Senators to push Sessions for details during Tuesday hearing

CAPITOL HILL -- Attorney General Jeff Sessions will testify to Senate Intelligence Committee on Tuesday morning -- in a sequel to last week's appearance by the fired FBI Director James Comey.

The last time Sessions testified was his confirmation hearing in January.

"I didn't have-- did not have communications with the Russians," he said.

Since then, Sessions has acknowledged meeting with Russia's ambassador to the U.S., Sergey Kislyak, in 2016.

"Two meetings, one very brief after a speech," Sessions said.

He also recused himself from his own agency's Russia probe.

"I should not be involved investigating a campaign I had a role in," he said.

But the former FBI director suggested last week that there might be more to it than that.

"We also were aware of facts that I can't discuss in an open setting that would make his continued engagement in a Russia-related investigation problematic," Comey said.

Senators on the Intelligence Committee will push Sessions for details Tuesday.

Sen.
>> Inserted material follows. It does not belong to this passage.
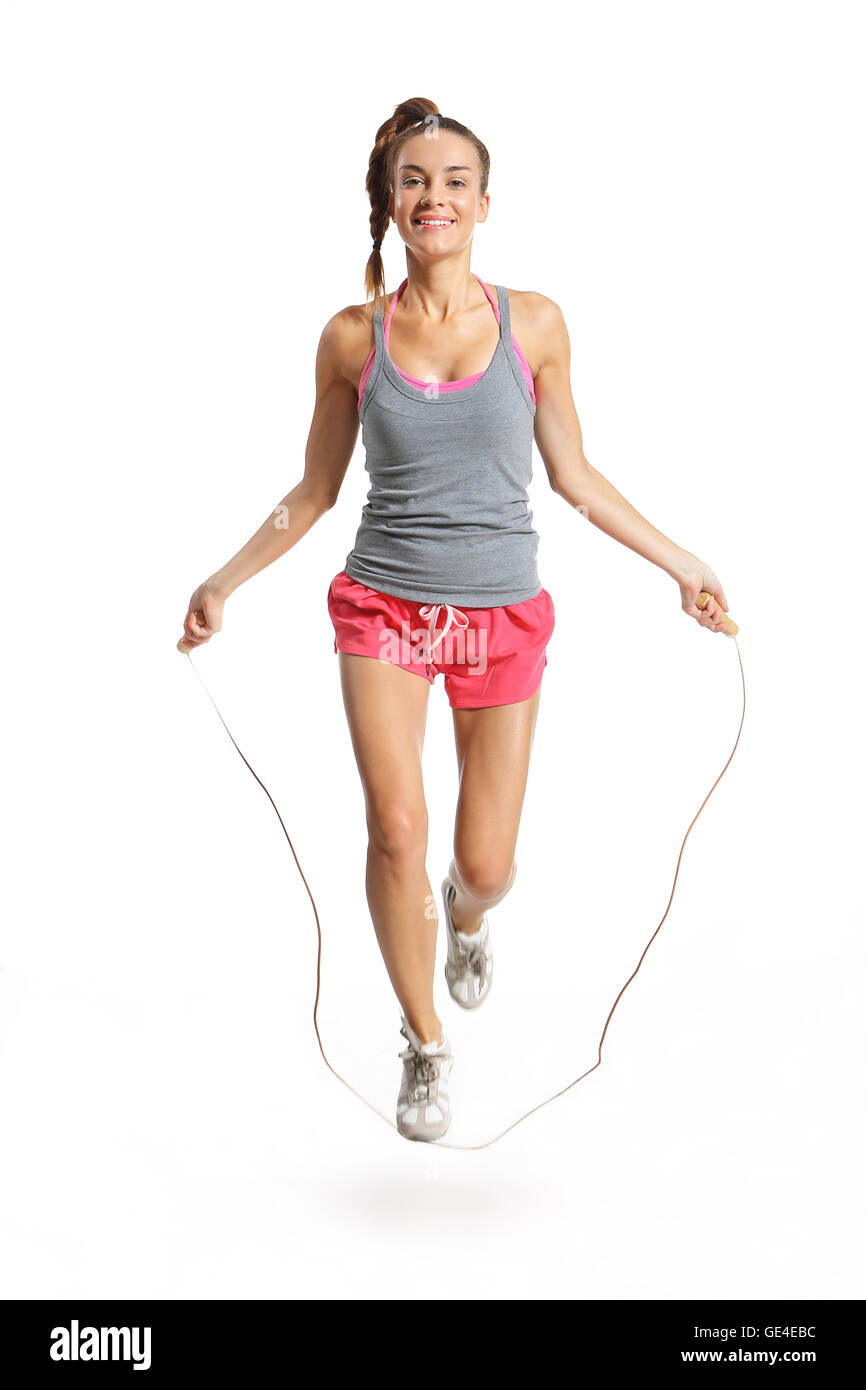 Shapely woman exercising with a jump rope. Stock Photo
Angus King from Maine outlined another other key question during an interview on Monday's "CBS This Morning."

"What role did he play, if any, again in the Comey firing?" King said. "Because at that point he was supposed to be recused from this investigation -- have nothing to do with it -- and to the extent the Comey firing had something to do with the investigation, I think that's something we need to explore."

Sessions may also get asked if Mr. Trump really does have a recording system in the Oval Office -- as Mr. Trump suggested in a tweet last month but refused to confirm again on Monday.

White House Press Secretary Sean Spicer was no more forthcoming during a press briefing.

"When he's ready to further discuss it, he will," he said.

Meanwhile, the Secret Service discussed it Monday afternoon, revealing that there are no recording devices installed in the Oval Office. The press secretary wouldn't comment on that new information, saying only that Mr. Trump will weigh in at some point in the future.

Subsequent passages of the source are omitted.